W tłumie uczestniczącym w pobiciu i spaleniu kukły w Pruchniku był Mariusz Trojak, wicestarosta jarosławski związany z Solidarną Polską . Początkowo zgodził się na komentarz dla naTemat, potem jednak stał się nieuchwytny. Kim jest Mariusz Trojak?
Informacja o wielkopiątkowym pobiciu i spaleniu kukły Judasza przez katolickich mieszkańców Pruchnika odbiła się szerokim echem na całym świecie. Kukła została ucharakteryzowana w sposób, który przywodzi na myśl karykatury Żydów publikowane przez prasę III Rzeszy. Podczas niszczenia figury z tłumu padały okrzyki o odszkodowaniach dla Żydów za własność, którą stracili podczas II wojny światowej.
Rząd PiS o pobiciu i spaleniu kukły Żyda
Wznowioną po latach tradycję Pruchnika skrytykował minister Joachim Brudziński, szef resortu spraw wewnętrznych w rządzie PiS.
Odciął się od niej również wiceminister sprawiedliwości Patryk Jaki, który dziś w Radiu Zet dodał jednak, że podtrzymuje swoje słowa dotyczące odszkodowań dla Żydów: "Jeżeli ktoś myśli, że będziemy płacić czy oddawać jakieś mienie bezspadkowe organizacjom żydowskim, to chcę powiedzieć: po moim trupie.
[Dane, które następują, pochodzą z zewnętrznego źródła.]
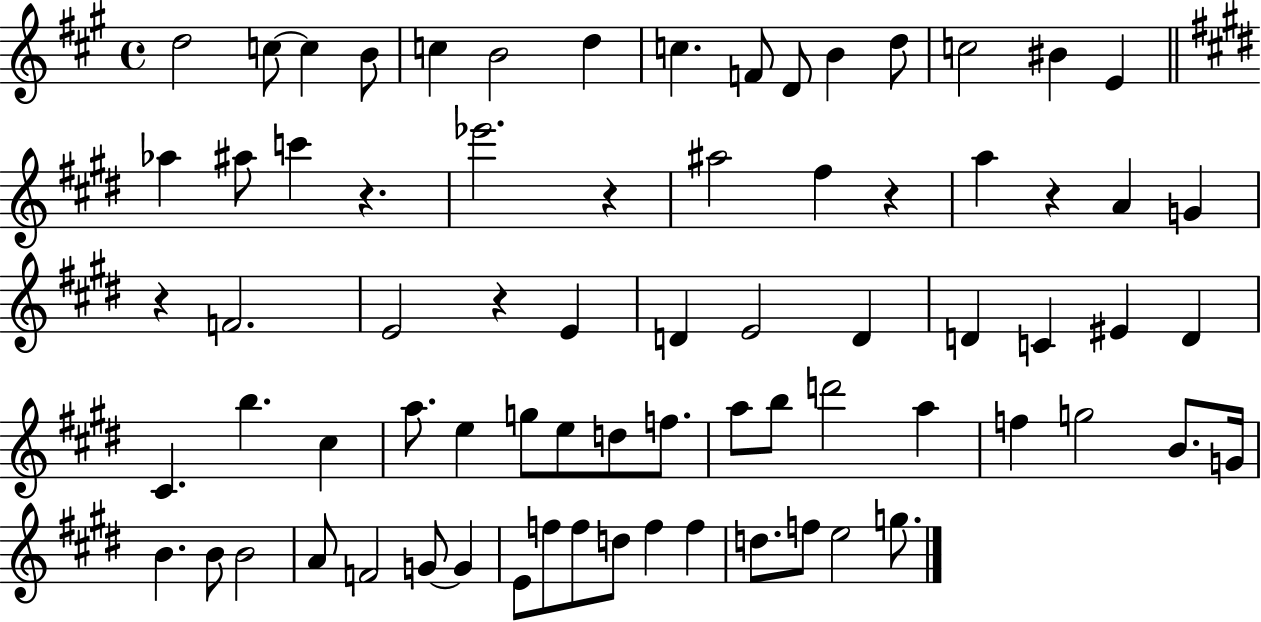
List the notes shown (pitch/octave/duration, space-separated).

D5/h C5/e C5/q B4/e C5/q B4/h D5/q C5/q. F4/e D4/e B4/q D5/e C5/h BIS4/q E4/q Ab5/q A#5/e C6/q R/q. Eb6/h. R/q A#5/h F#5/q R/q A5/q R/q A4/q G4/q R/q F4/h. E4/h R/q E4/q D4/q E4/h D4/q D4/q C4/q EIS4/q D4/q C#4/q. B5/q. C#5/q A5/e. E5/q G5/e E5/e D5/e F5/e. A5/e B5/e D6/h A5/q F5/q G5/h B4/e. G4/s B4/q. B4/e B4/h A4/e F4/h G4/e G4/q E4/e F5/e F5/e D5/e F5/q F5/q D5/e. F5/e E5/h G5/e.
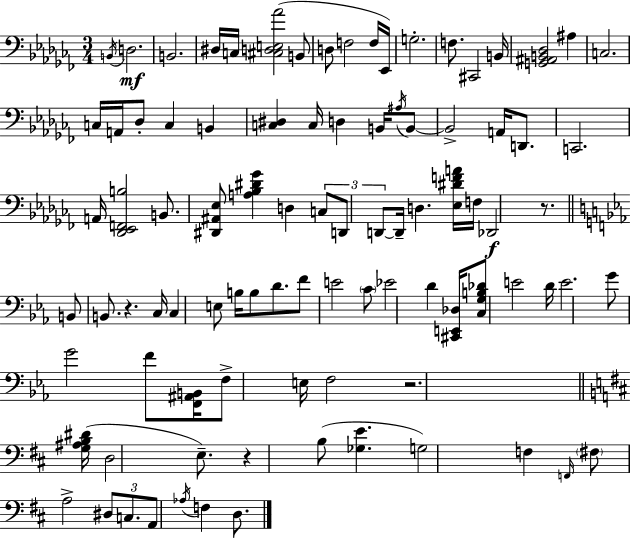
X:1
T:Untitled
M:3/4
L:1/4
K:Abm
B,,/4 D,2 B,,2 ^D,/4 C,/4 [^C,D,E,_A]2 B,,/2 D,/2 F,2 F,/4 _E,,/4 G,2 F,/2 ^C,,2 B,,/4 [G,,^A,,B,,_D,]2 ^A, C,2 C,/4 A,,/4 _D,/2 C, B,, [C,^D,] C,/4 D, B,,/4 ^A,/4 B,,/2 B,,2 A,,/4 D,,/2 C,,2 A,,/4 [_D,,_E,,F,,B,]2 B,,/2 [^D,,^A,,_E,]/2 [A,_B,^D_G] D, C,/2 D,,/2 D,,/2 D,,/4 D, [_E,^DFA]/4 F,/4 _D,,2 z/2 B,,/2 B,,/2 z C,/4 C, E,/2 B,/4 B,/2 D/2 F/2 E2 C/2 _E2 D [^C,,E,,_D,]/4 [C,G,B,_D]/2 E2 D/4 E2 G/2 G2 F/2 [F,,^A,,B,,]/4 F,/2 E,/4 F,2 z2 [G,^A,B,^D]/4 D,2 E,/2 z B,/2 [_G,E] G,2 F, F,,/4 ^F,/2 A,2 ^D,/2 C,/2 A,,/2 _A,/4 F, D,/2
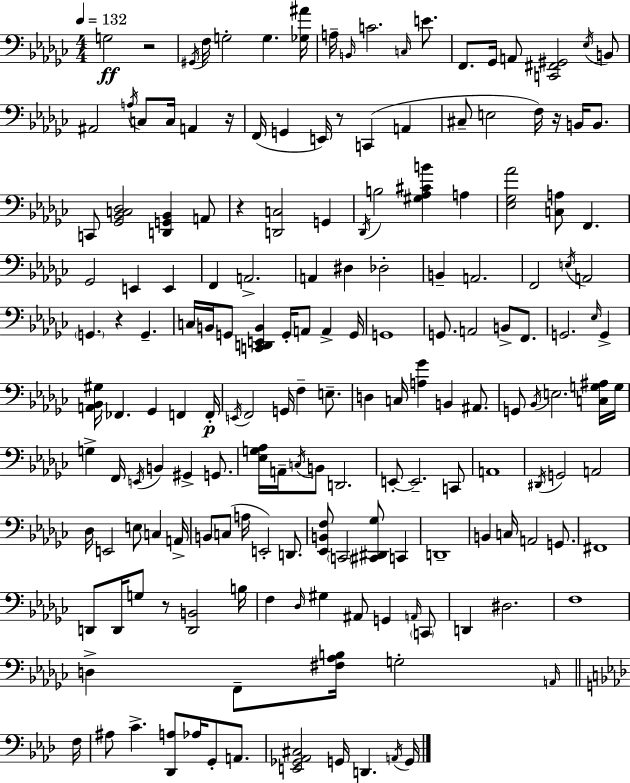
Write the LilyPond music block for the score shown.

{
  \clef bass
  \numericTimeSignature
  \time 4/4
  \key ees \minor
  \tempo 4 = 132
  g2\ff r2 | \acciaccatura { gis,16 } f16 g2-. g4. | <ges ais'>16 a16-- \grace { b,16 } c'2. \grace { c16 } | e'8. f,8. ges,16 a,8 <c, fis, gis,>2 | \break \acciaccatura { ees16 } b,8 ais,2 \acciaccatura { a16 } c8 c16 | a,4 r16 f,16( g,4 e,16) r8 c,4( | a,4 cis8-- e2 f16) | r16 b,16 b,8. c,8 <ges, bes, c des>2 <d, g, bes,>4 | \break a,8 r4 <d, c>2 | g,4 \acciaccatura { des,16 } b2 <gis aes cis' b'>4 | a4 <ees ges aes'>2 <c a>8 | f,4. ges,2 e,4 | \break e,4 f,4 a,2.-> | a,4 dis4 des2-. | b,4-- a,2. | f,2 \acciaccatura { e16 } a,2 | \break \parenthesize g,4. r4 | g,4.-- c16 b,16 g,8 <c, d, e, b,>4 g,16-. | a,8 a,4-> g,16 g,1 | g,8. a,2 | \break b,8-> f,8. g,2. | \grace { ees16 } g,4-> <a, bes, gis>16 fes,4. ges,4 | f,4 f,16-.\p \acciaccatura { e,16 } f,2 | g,16 f4-- e8.-- d4 c16 <a ges'>4 | \break b,4 ais,8. g,8 \acciaccatura { bes,16 } e2. | <c g ais>16 g16 g4-> f,16 \acciaccatura { e,16 } | b,4 gis,4-> g,8. <ees g aes>16 a,16-- \acciaccatura { c16 } b,8 | d,2. e,8-.~~ e,2.-- | \break c,8 a,1 | \acciaccatura { dis,16 } g,2 | a,2 des16 e,2 | e8 c4 a,16-> b,8 c8( | \break a16 e,2-.) d,8. <ees, b, f>8 \parenthesize c,2 | <cis, dis, ges>8 c,4 d,1-- | b,4 | c16 a,2 g,8. fis,1 | \break d,8 d,16 | g8 r8 <d, b,>2 b16 f4 | \grace { des16 } gis4 ais,8 g,4 \grace { a,16 } \parenthesize c,8 d,4 | dis2. f1 | \break d4-> | f,8-- <fis aes b>16 g2-. \grace { a,16 } \bar "||" \break \key aes \major f16 ais8 c'4.-> <des, a>8 aes16 g,8-. a,8. | <e, ges, aes, cis>2 g,16 d,4. | \acciaccatura { a,16 } g,16 \bar "|."
}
Beze mnie w polityce".
Wśród gapiów wicestarosta z Solidarnej Polski
Okazuje się, że w tłumie, który uczestniczył w rytualnym niszczeniu kukły Żyda, był pełnomocnik Solidarnej Polski w okręgu jarosławskim, Mariusz Trojak. Trojak jest również wicestarostą jarosławskim i asystentem senatora Mieczysława Golby - członka Solidarnej Polski wybranego do parlamentu z listy PiS.
Dzwonimy do wicestarosty we wtorek rano i pytamy o jego udział w piątkowych wydarzeniach. Mariusz Trojak prosi, byśmy zadzwonili później - potem jednak mimo wielokrotnych prób nie odpowiada na próby kontaktu.
"Święta miłości
Za to na swoim wallu na Facebooku dzieli się komentarzem jednego z internautów, którzy wyraża nadzieję, że akcja z Judaszem zniszczy jego karierę. "Święta Zmartwychwstania, Święta miłości, nadziei... ale niektórzy ludzie, wciąż zatwardziali w nienawiści do drugiego człowieka..." - komentuje wicestarosta Trojak.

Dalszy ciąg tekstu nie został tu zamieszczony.